A fragmentação como reforço da direita
Há no entanto fortes razões de natureza a levar os eleitores a considerarem que não é possível continuar assim, que se atingiram raias de insuportabilidade e que mais vale mudar de governo. Até porque a atual coligação PSD-CDS, para além mesmo de resultados económicos suscetíveis de serem considerados positivos por certos observadores, mostrou-se totalmente desprovida de escrúpulos. Fazendo em muitos aspetos exatamente o contrário do que anunciara, empobrecendo o país com privatizações regidas antes do mais por considerações meramente ideológicas, não manifestando o mínimo pejo nas amizades e nos favorecimentos expostos publicamente. E sendo sobretudo responsável de decisões a que os eleitores são extremamente sensíveis : baixa dos salários, redução das pensões de reforma, diminuição de um certo número de regalias sociais (nomeadamente em termos de saúde pública), convite a uma emigração em massa de jovens muitas vezes diplomados e cuja formação foi custeada pela Estado português.
Certo, é bem sabido que as sondagens valem o que valem. E tem havido provas sobejas no resto da Europa para mostrarem que vivemos um tempo de interrogações e incertezas, traduzido por vezes em resultados eleitorais totalmente inesperados. Mas não parece nada improvável que, mesmo se vier a ser o partido mais votado, o PS não disponha da maioria parlamentar que deseja. E aqui, a máquina de perder habitual já se pôs desta vez a funcionar a ritmo bem mais intenso do que nas eleições precedentes. Como uma esquerda para além do PS e do PCP mais fragmentada do que nunca, provavelmente incapaz de atingir resultados eleitorais significativos [6].

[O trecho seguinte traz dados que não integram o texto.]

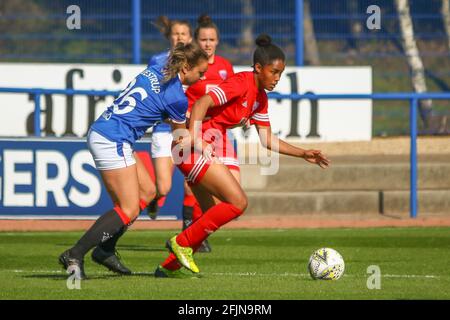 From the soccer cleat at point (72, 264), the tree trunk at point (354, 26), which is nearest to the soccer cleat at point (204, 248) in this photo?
the soccer cleat at point (72, 264)

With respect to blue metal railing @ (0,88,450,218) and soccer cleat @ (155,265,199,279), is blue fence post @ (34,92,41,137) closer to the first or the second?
blue metal railing @ (0,88,450,218)

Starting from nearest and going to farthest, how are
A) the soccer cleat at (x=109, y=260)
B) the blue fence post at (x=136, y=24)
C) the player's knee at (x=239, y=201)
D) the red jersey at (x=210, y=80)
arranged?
the player's knee at (x=239, y=201), the soccer cleat at (x=109, y=260), the red jersey at (x=210, y=80), the blue fence post at (x=136, y=24)

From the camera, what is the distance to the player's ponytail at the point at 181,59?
9.62m

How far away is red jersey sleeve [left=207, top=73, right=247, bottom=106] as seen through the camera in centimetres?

Ora, ao observar estes partidos, movimentos e listas eleitorais que por aí proliferam, a impressão que fica é a de que se trata na larguíssima maioria dos casos, para não dizer na totalidades dos casos, de uma situação fruto de rivalidades pessoais. E sobretudo de ambições egocêntricas de quem queria absolutamente ser “número 1” em Lisboa e nos dois ou três círculos eleitorais em que há uma vaga hipótese de virem a ser eleitos. O que significa portanto que, dadas as recusas de princípio do Partido Comunista e do Bloco de Esquerda em negociarem com o PS, a hipótese de constituição de uma coligação maioritária de esquerda tem grandes probabilidades de continuar a ser puramente teórica. E neste caso, não parece nada absurdo imaginar que a atual coligação PSD-CDS possa continuar a assumir o governo da nação depois das próximas eleições legislativas [7]
A insuportável independência !
Num segundo tempo, a esquerda poderia então “consolar-se” com a eleição de um presidente da República vindo da sua área, de modo a conter ímpetos de um potencial novo governo da direita. Até porque o desempenho do atual titular da função tem sido tão desastroso, desbocado, desprovido de envergadura e de sentido de Estado, arrastando para mais caçarolas que deixarão uma marca pouco gloriosa na história da instituição. E neste contexto, a lembrança do desempenho dos três precedentes presidentes constitui um trunfo favorável à esquerda. Embora haja que tomar em conta a irresponsabilidade com que durante tantos e tantos anos, rádios e televisões (e colateralmente jornais) têm promovido quem sonha com tal função há imenso tempo, sabe-se lá senão desde que, pequenino, no seio de uma família do antigo regime, caiu na poção mágica do Poder, falte-lhe embora a “gravitas” que a função exige.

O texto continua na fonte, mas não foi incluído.